Insect populations are plummeting worldwide, sparking alarm amongst scientists studying the problem. According to the first global scientific review of insect population decline, more than 40 percent of insect species are dwindling, a third are endangered, and a tenth are going locally extinct. The results of the study were published in the April edition of the peer-reviewed journal Biological Conservation.
Researchers at the University of Sydney, the University of Queensland, and the China Academy of Agricultural Sciences analyzed 73 historical reports on insect population declines for the study. They focused their analysis on insects in European and North American countries. Their analysis found that insects are going extinct 8 times faster than mammals, birds, and reptiles.
According to their calculations, the total mass of insects is falling by 2.5 percent annually. If the decline continues at the current rate, they say that insects could be extinct on Earth within a century. Study co-author Francisco Sánchez-Bayo, an environmental biologist at the University of Sydney, Australia, said, “If insect species losses cannot be halted, this will have catastrophic consequences for both the planet’s ecosystems and for the survival of mankind.”
Insects are essential for the proper functioning of all types of ecosystems on Earth. Insects are food sources for many bird, fish, and mammal species. Fruit, vegetable, and nut production depends on pollinators like bees and butterflies. Some insects act as pest controllers by eating other bugs. Insects also help to break down decaying matter and recycle nutrients back into the soil.

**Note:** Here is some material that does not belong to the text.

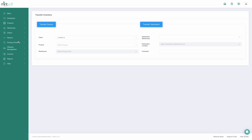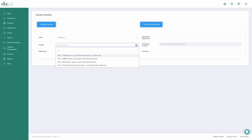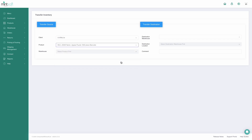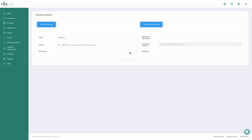Go to Transfer Inventory to move stock from any location, for example unassigned, to a bin of your choosing. Then simply complete the transfer. Your stock is in the correct bin and all stock movements and stock flows are traceable in the Product Inventory view.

The study found that dung beetles, butterflies, moths, bees and wasps appeared to suffer the most substantial declines. Between 2000 and 2009, the U.K. lost more than half of its butterfly species on farmed land. The U.S. lost more than half of its honey-bee colonies from 1947 to 2007. The study’s authors recommend cutting down on the amount of chemicals used in agricultural practices and restoring insect habitats to slow the declines in insect populations.